Reputation: 103
I am using python scikit-learn
for document clustering and I have a sparse matrix stored in a dict
object:
For example:
doc_term_dict = { ('d1','t1'): 12, \
('d2','t3'): 10, \
('d3','t2'): 5 \
} # from mysql data table
<type 'dict'>
I want to use scikit-learn
to do the clustering where the input matrix type is scipy.sparse.csr.csr_matrix
Example:
(0, 2164) 0.245793088885
(0, 2076) 0.205702177467
(0, 2037) 0.193810934784
(0, 2005) 0.14547028437
(0, 1953) 0.153720023365
...
<class 'scipy.sparse.csr.csr_matrix'>
I can't find a way to convert dict
to this csr-matrix (I have never used scipy
.)
Upvotes: 5
Views: 4959
Reputation: 21
An alternative approach that makes use of np.fromiter
, as an alternative to using list
to store elements.
from scipy.sparse import csr_matrix
import numpy as np
def _dict_to_csr(term_dict, shape=None):
data = np.fromiter(term_dict.values(), dtype=np.float32)

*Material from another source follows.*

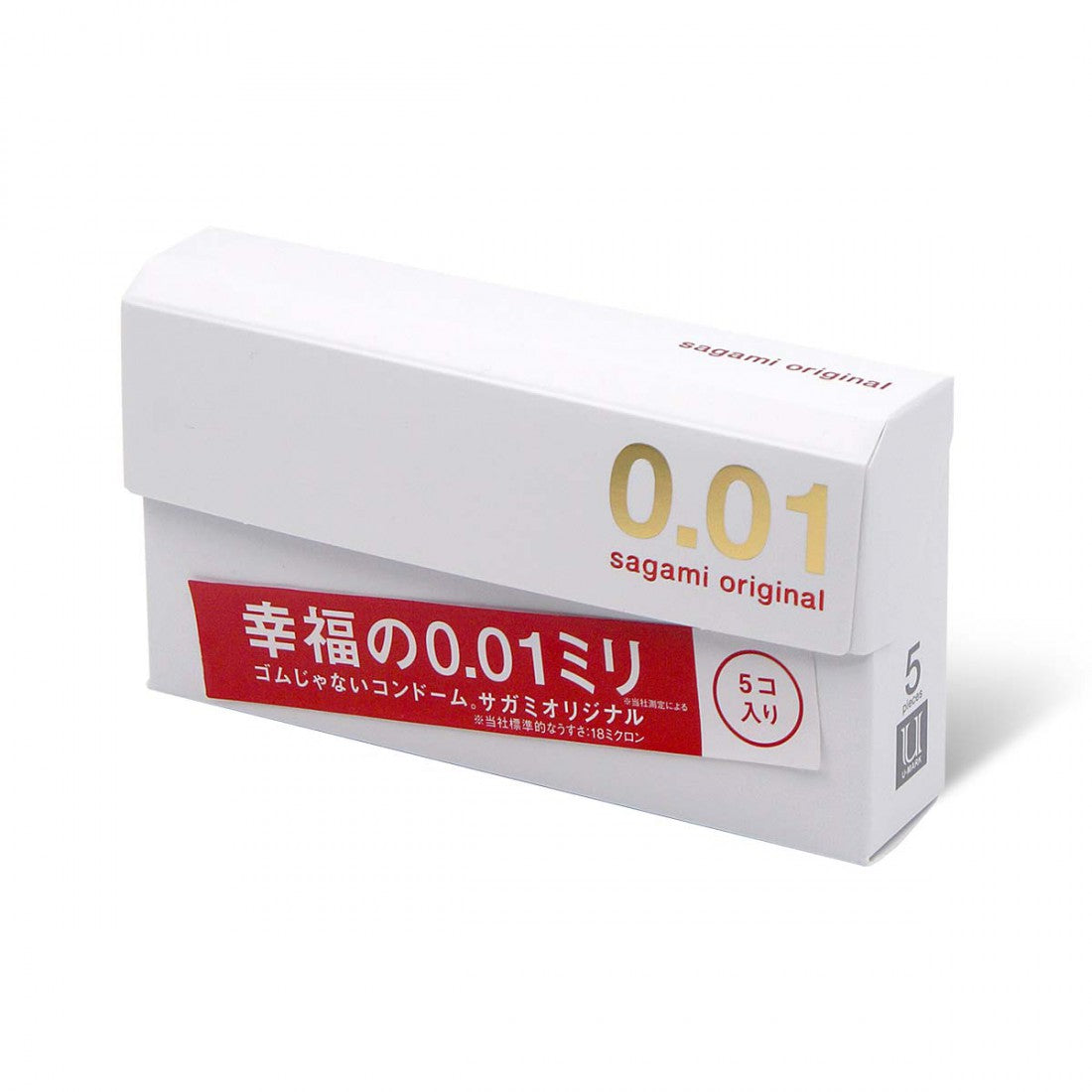 SAGAMI ORIGINAL 相模原創 0.01安全套 - 5 片裝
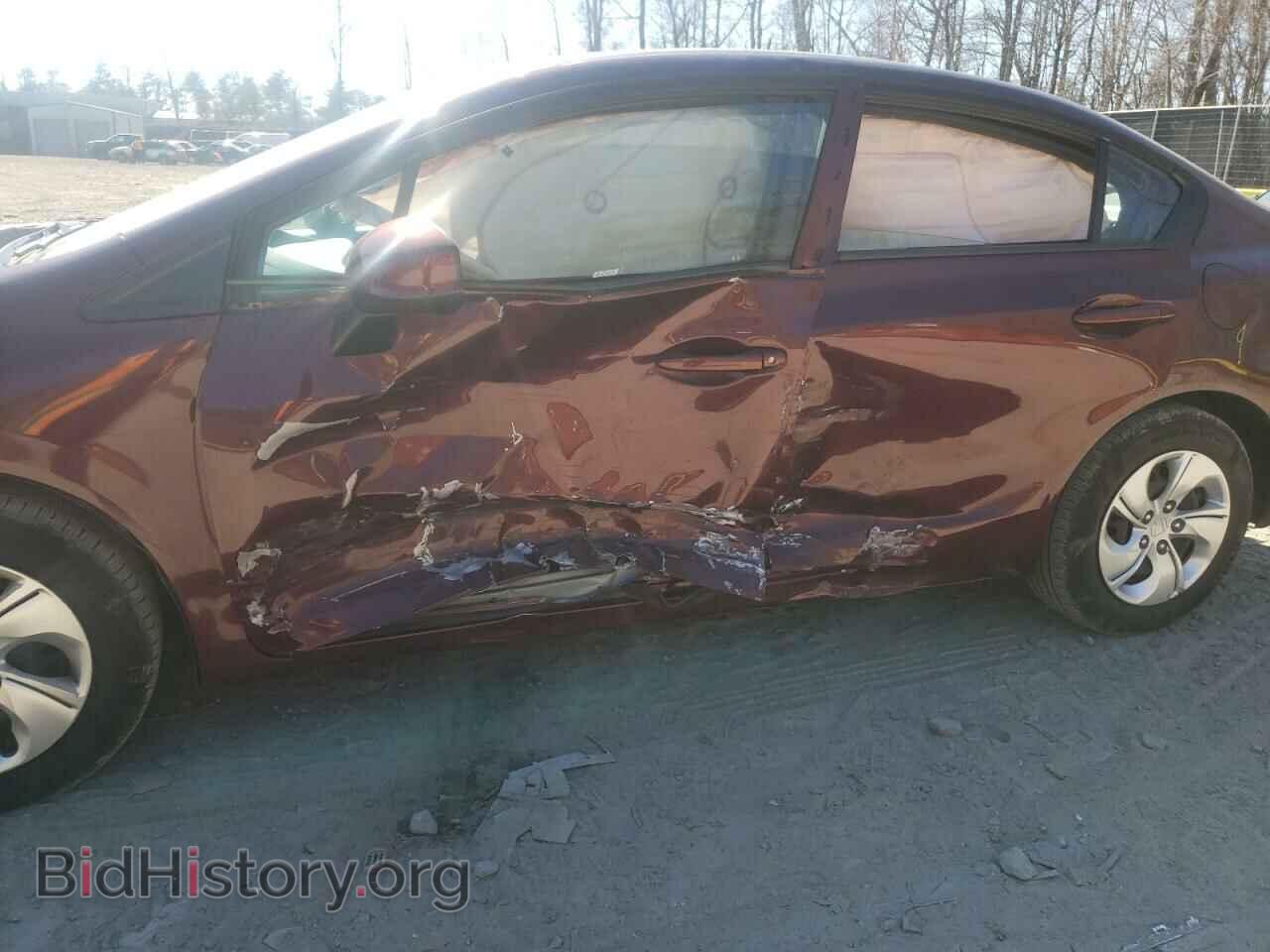 2013 HONDA CIVIC - VIN: 19XFB2F56DE219688 - Фото 9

rows_tuple, columns_tuple = zip(*term_dict.keys())
rows = np.fromiter(rows_tuple, dtype=int)
columns = np.fromiter(columns_tuple, dtype=int)
return csr_matrix((data, (rows, columns)), shape=shape)
Upvotes: 0
Reputation: 2810
Same as @carsonc, but for Python 3.X :
from scipy.sparse import csr_matrix
def _dict_to_csr(term_dict):
term_dict_v = term_dict.values()
term_dict_k = term_dict.keys()
term_dict_k_zip = zip(*term_dict_k)
term_dict_k_zip_list = list(term_dict_k_zip)
shape = (len(term_dict_k_zip_list[0]), len(term_dict_k_zip_list[1]))
csr = csr_matrix((list(term_dict_v), list(map(list, zip(*term_dict_k)))), shape = shape)
return csr
Upvotes: 0
Reputation: 85
We can make @Unapiedra's (excellent) answer a little more sparse:
from scipy.sparse import csr_matrix
def _dict_to_csr(term_dict):
term_dict_v = list(term_dict.itervalues())
term_dict_k = list(term_dict.iterkeys())
shape = list(repeat(np.asarray(term_dict_k).max() + 1,2))
csr = csr_matrix((term_dict_v, zip(*term_dict_k)), shape = shape)
return csr
Upvotes: 2
Reputation: 16197
Pretty straightforward. First read the dictionary and convert the keys to the appropriate row and column. Scipy supports (and recommends for this purpose) the COO-rdinate format for sparse matrices.
Pass it data
, row
, and column
, where A[row[k], column[k] = data[k]
(for all k) defines the matrix. Then let Scipy do the conversion to CSR.
Please check, that I have rows and columns in the way you want them, I might have them transposed. I also assumed that the input would be 1-indexed.
My code below prints:
(0, 0) 12
(1, 2) 10
(2, 1) 5
Code:
#!/usr/bin/env python3
#http://stackoverflow.com/questions/26335059/converting-python-sparse-matrix-dict-to-scipy-sparse-matrix
from scipy.sparse import csr_matrix, coo_matrix
def convert(term_dict):
''' Convert a dictionary with elements of form ('d1', 't1'): 12 to a CSR type matrix.
The element ('d1', 't1'): 12 becomes entry (0, 0) = 12.
* Conversion from 1-indexed to 0-indexed.
* d is row
* t is column.
'''
# Create the appropriate format for the COO format.
data = []
row = []
col = []
for k, v in term_dict.items():
r = int(k[0][1:])
c = int(k[1][1:])
data.append(v)
row.append(r-1)
col.append(c-1)
# Create the COO-matrix
coo = coo_matrix((data,(row,col)))
# Let Scipy convert COO to CSR format and return
return csr_matrix(coo)
if __name__=='__main__':
doc_term_dict = { ('d1','t1'): 12, \
('d2','t3'): 10, \
('d3','t2'): 5 \
}
print(convert(doc_term_dict))
Upvotes: 5